DATA:

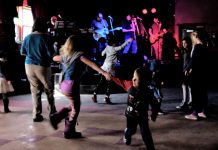 Peterborough reggae and ska band Dub Trinity are performing their annual tribute to Bob Marley this weekend at the Historic Red Dog in downtown Peterborough, with an evening show on Friday, March 6th followed by an all-ages matinee show at 2 p.m. on Saturday, March 7th when kids get in free. Pictured are kids dancing at the 2018 all-ages matinee show. (Photo: Selrahc Yrogerg via dubtrinity.com)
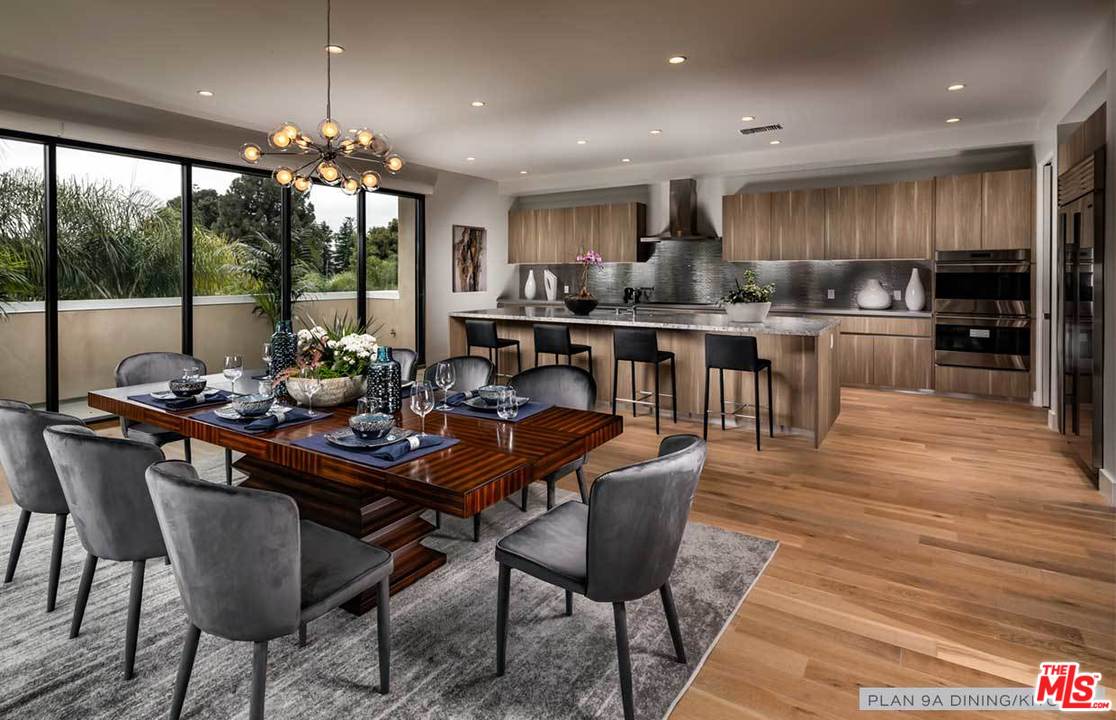 a kitchen with a dining table chairs and stove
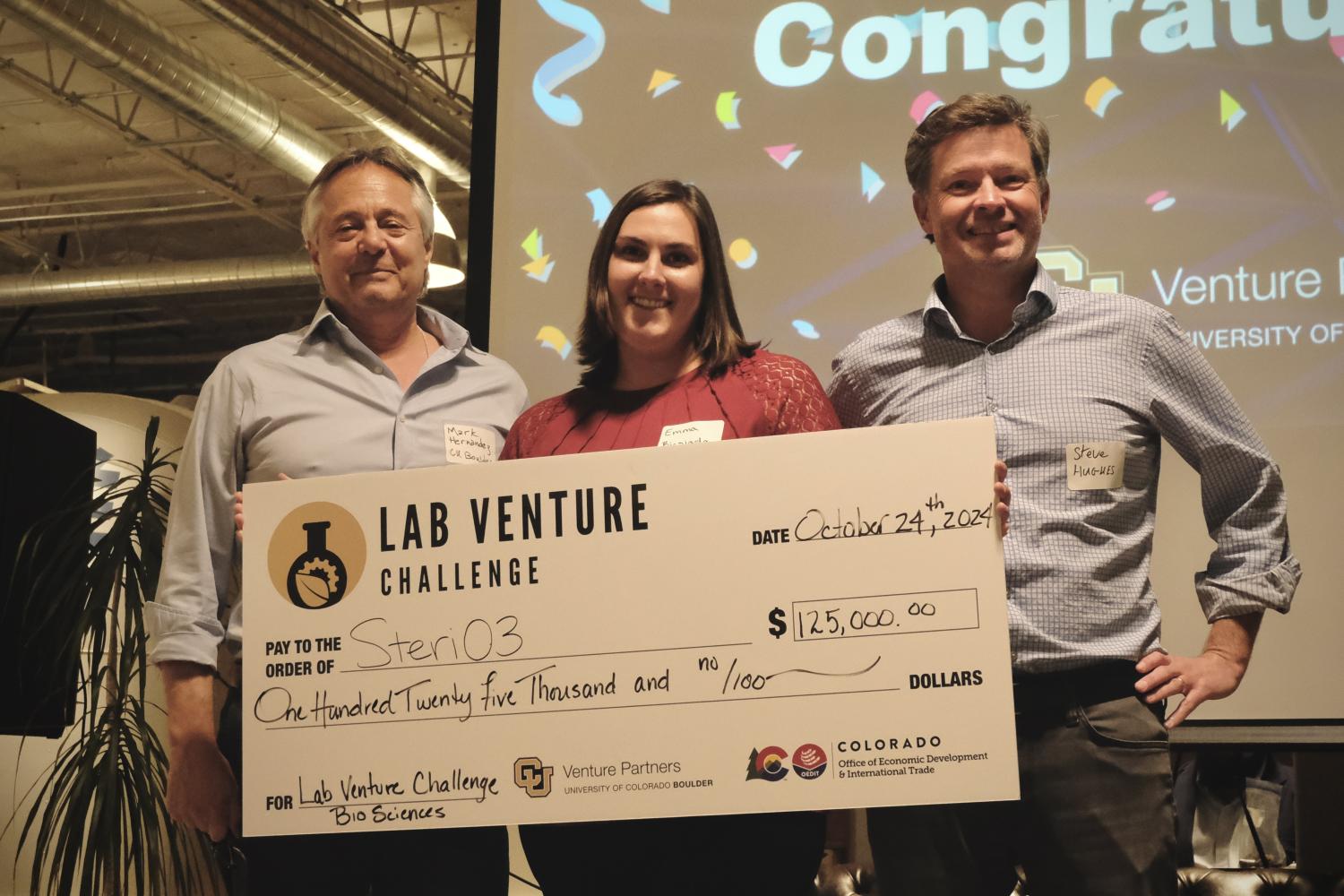 Mark Hernandez, Emmalee Biesiada and Steve Hughes hold a huge check from the Lab Venture Challenge in front of a screen that says, "Congratulations!"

WORK ORDER:
Give back the full listing above word for word, and let no picture through.

YOUR RESPONSE:
 Peterborough reggae and ska band Dub Trinity are performing their annual tribute to Bob Marley this weekend at the Historic Red Dog in downtown Peterborough, with an evening show on Friday, March 6th followed by an all-ages matinee show at 2 p.m. on Saturday, March 7th when kids get in free. Pictured are kids dancing at the 2018 all-ages matinee show. (Photo: Selrahc Yrogerg via dubtrinity.com)
 a kitchen with a dining table chairs and stove
 Mark Hernandez, Emmalee Biesiada and Steve Hughes hold a huge check from the Lab Venture Challenge in front of a screen that says, "Congratulations!"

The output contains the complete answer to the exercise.